• [What to work on]: Set the listing down unchanged, minus every embedded image.

• [Source material]:
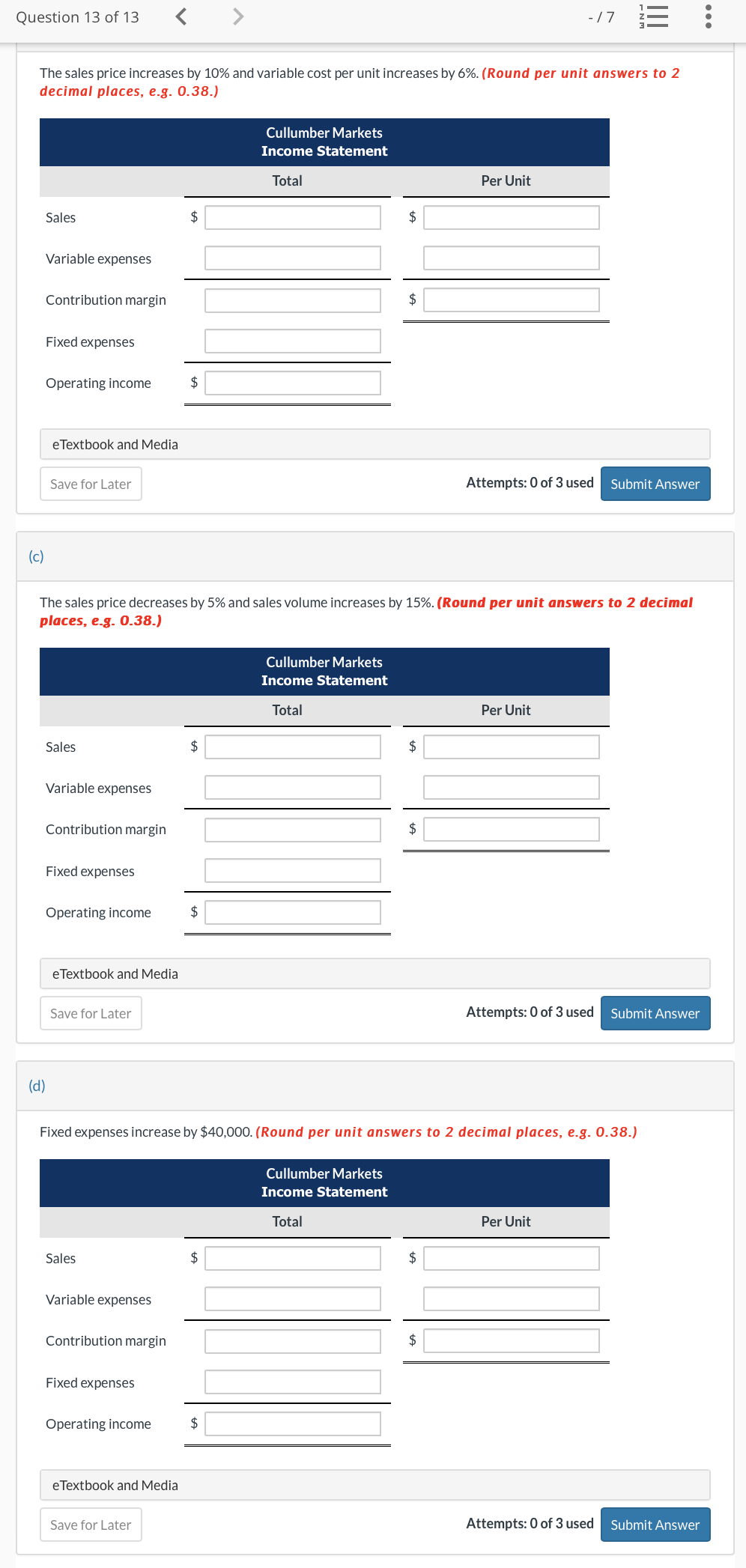 increases by 6%. (Round per unit answers to 2 decimal places, e.g.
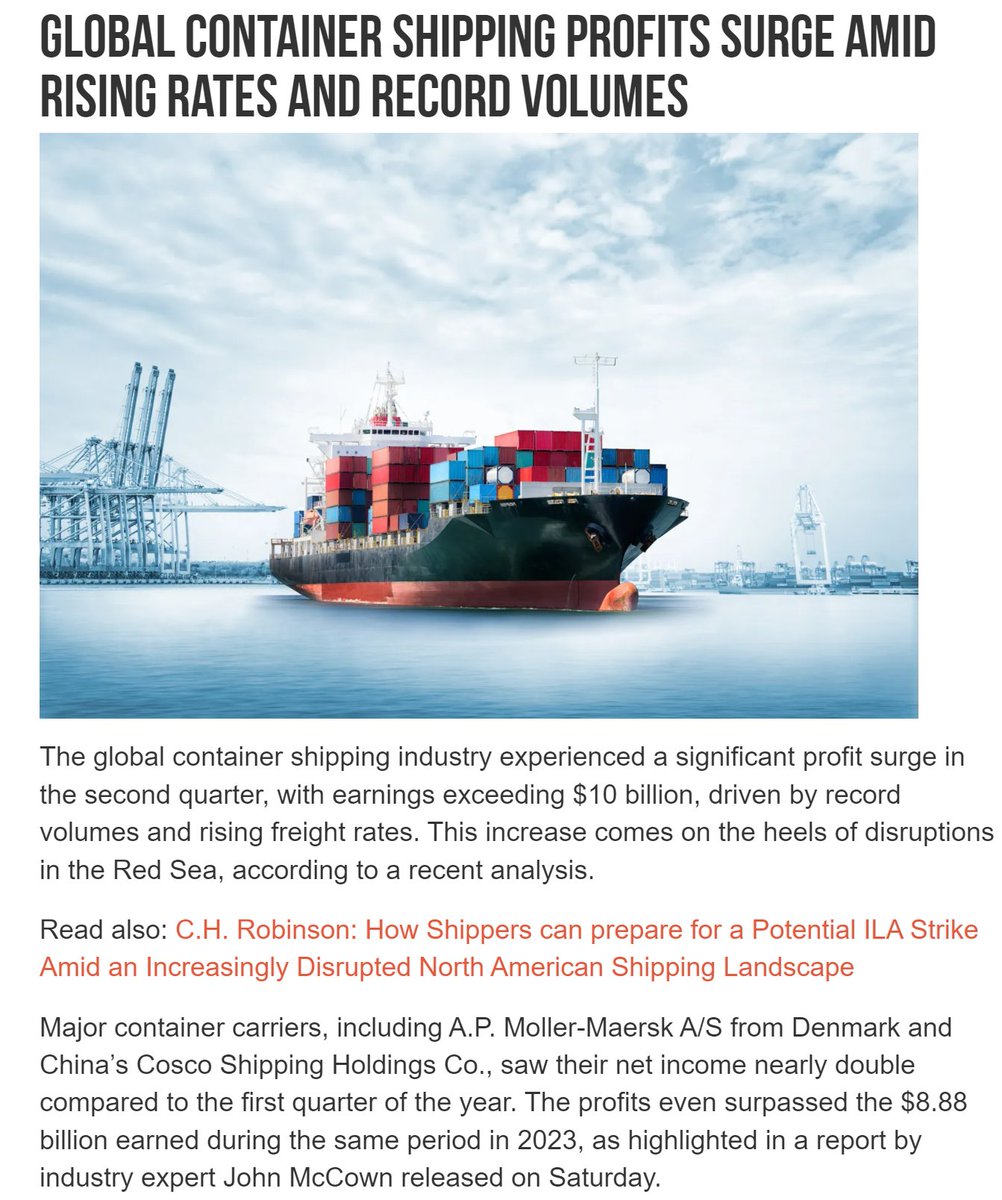 Pivotpointalpha's tweet photo. With Q4 holiday season demand rising, U.S. ports will need a month to clear the backlog from last week’s strike. To get goods priced and on shelves before the holidays, suppliers may pay premiums to skip the line. https://t.co/e41HiPJAlF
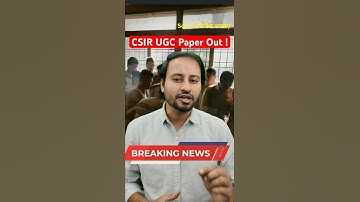 CSIR NET Dec 2025 Paper Leak News 😱 Haryana में Leak, 2 Arrested – NTA Update Ka Wait! 🔥 #CSIRNET
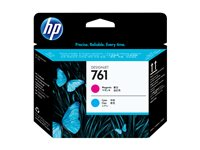 HP 761 - Cyan, magenta - skrivhuvud - för DesignJet T7100, T7200, T7200 Production Printer CH646A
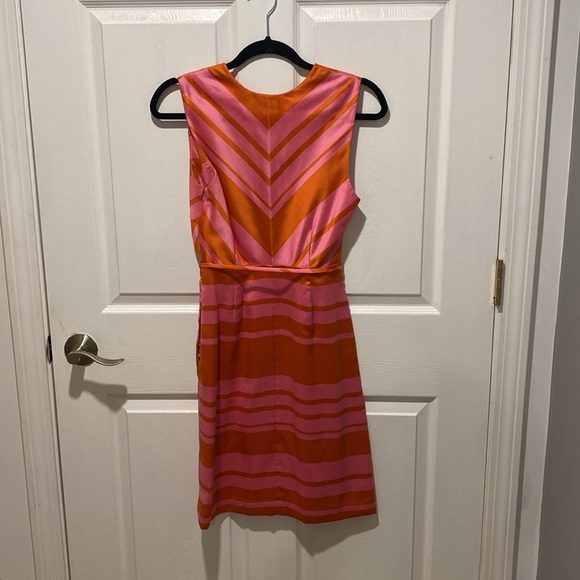 Kate Spade silk tie waist spring dress size 4 - Picture 3 of 4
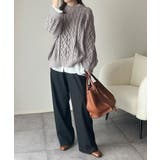 ざっくり感で一瞬でこなれ顔◎立体アラン柄ローゲージケーブルニット | Classical Elf | 詳細画像9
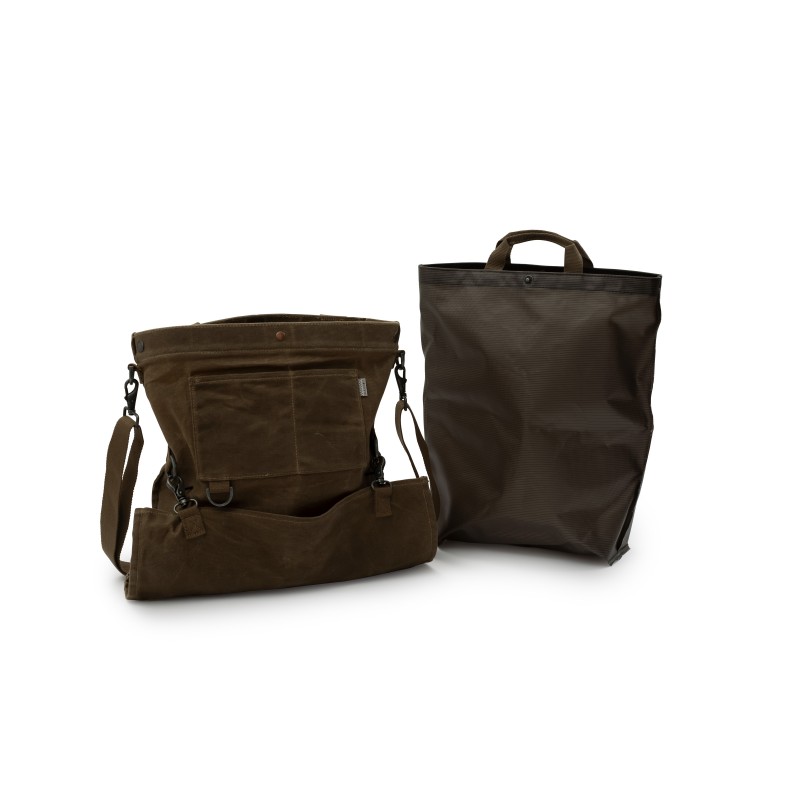 Thick Waxed Canvas Garden Bag Olive Green –...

• [The answer]:
 increases by 6%. (Round per unit answers to 2 decimal places, e.g.
 Pivotpointalpha's tweet photo. With Q4 holiday season demand rising, U.S. ports will need a month to clear the backlog from last week’s strike. To get goods priced and on shelves before the holidays, suppliers may pay premiums to skip the line. https://t.co/e41HiPJAlF
 CSIR NET Dec 2025 Paper Leak News 😱 Haryana में Leak, 2 Arrested – NTA Update Ka Wait! 🔥 #CSIRNET
 HP 761 - Cyan, magenta - skrivhuvud - för DesignJet T7100, T7200, T7200 Production Printer CH646A
 Kate Spade silk tie waist spring dress size 4 - Picture 3 of 4
 ざっくり感で一瞬でこなれ顔◎立体アラン柄ローゲージケーブルニット | Classical Elf | 詳細画像9
 Thick Waxed Canvas Garden Bag Olive Green –...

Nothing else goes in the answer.